Listening is what John Campbell and the Checkpoint team did in South Auckland with families of the working poor, doing multiple jobs, with no security of tenure, and still unable to afford to meet their living costs. Listening is what they did at Te Puea Marae when they went for a day and sat with families, staff and volunteers to let them talk about trying to meet the need. Listening is what Mihingarangi Forbes and the Native Affairs team at that time did when they advocated for the concerns of kōhanga reo about the National Trust. Listening is what Nigel Latta has consistently done in episodes of Hard Stuff to try and help us understand what is going on around us. Listening is what Mike King has done for youth suicide and mental health destigmatisation. They are all leaders and their capacity to listen has built their reputation and the trust of our communities in them.

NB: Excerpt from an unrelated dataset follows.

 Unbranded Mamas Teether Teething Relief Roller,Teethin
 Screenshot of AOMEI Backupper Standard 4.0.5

We need leaders who can listen in Aotearoa New Zealand. I can think of no-one in Parliament or our local councils who I regard as a listener. They are leaders with ‘ideas’ who want you to follow them, not listeners going where you lead. If we want to avoid our own Brexit or Trumpocalypse, we need listening leaders who spend more time in our local communities than they do in offices or meeting rooms and represent the views of our communities, not the party. If our leaders could listen in this way, then perhaps they could embody change.

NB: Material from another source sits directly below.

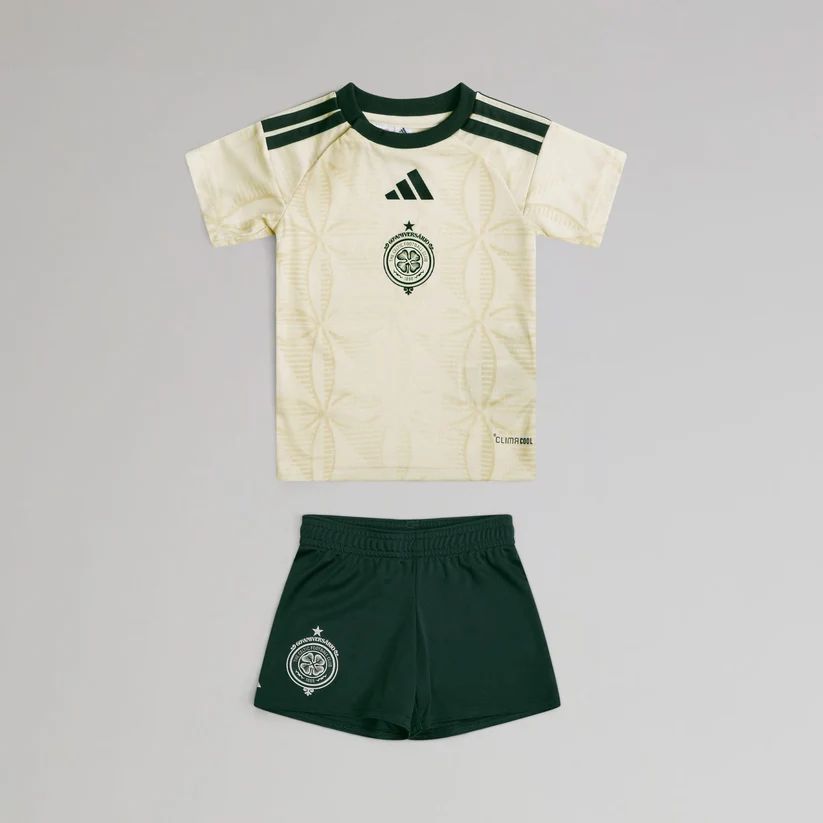 Kid's  Celtic FC 2026/27 Home Kit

In listening, they would hear what needs to change. They would hear that families are living homeless and this is a housing crisis in every major urban area in the North Island that needs resolution now. They would hear concerns that that the sheer number of immigrants is too high and poorly supported. They would hear that wages and salaries for the majority of workers have not risen in years so we have a large number of stressed, working poor. They would hear regions failing as industries and workforces leave. They would hear deep concern about rivers and waterways, and over-fishing. They would hear concern about water security and safety. They would hear that people want dairy farms but are concerned there are too many and that’s ruining our national image. They would hear concerns about youth suicide and mental health.

Imagine building a policy platform on what was heard, instead of the status quo of elites and their policy wonks writing a policy platform and then polling people about it. A policy platform built from what communities need only comes from an actual representative model of democracy where our leaders are in our communities, not hidden in Wellington or inner city offices.

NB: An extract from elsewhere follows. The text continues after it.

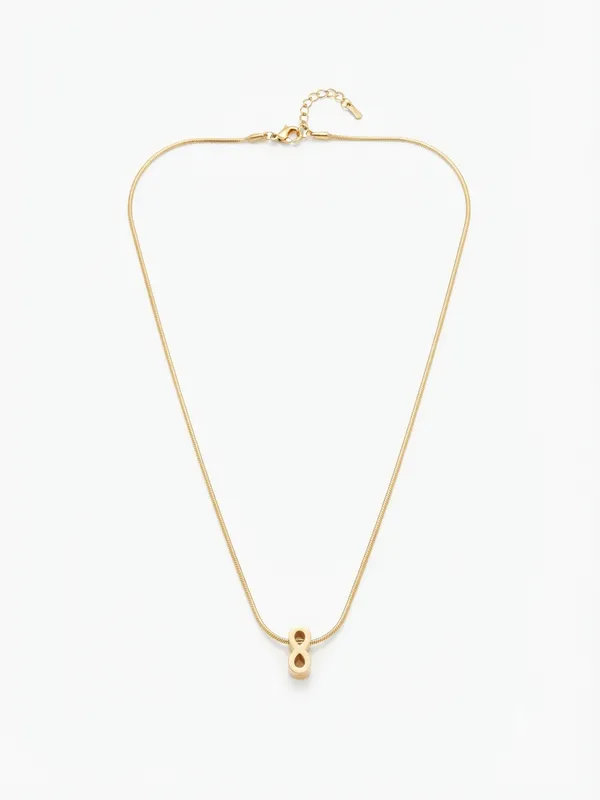 Gold_Stainless_Steel_Minimalist_Pendant_Necklace_For_Women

Listening and change. I don’t think it’s that hard, but a key challenge is we’re on this train of an economic model with an engine made up of growth and profit and everything else – people, land and quality of life – are just fuel. The train drivers, the elite, the 1 Percent, the rich have done well on the journey. Most have not. But Brexit and the Trumpocalypse are warning signs at the end of the line. Here in Aotearoa New Zealand the response to date has been decreasing voter turnout and civic involvement, but the Northland by-election is a little indicator of what a fear-mongering populist could potentially achieve among dissatisfied voters. We have an opportunity before the end of the line to change. We can still actually transform the system so that growth and profit are used in service of people, land and quality of life. Yes, it would mean the elite would need accept less growth and re-distributed profits, would need to accept the movement of some of their private wealth into public hands, but better this than voters reach the point where they just want to see the world burn.

Change is inevitable. We can all see it coming. If you can’t you’ve built the fences too high around your mansion. The only true choice we all have is how that change will occur. Listening or not-listening is the choice. If we support listening leaders, it can be a transformation full of hope and possibility. If we stay the current path, it will be an end determined by fear and anger, both spectacular and disastrous.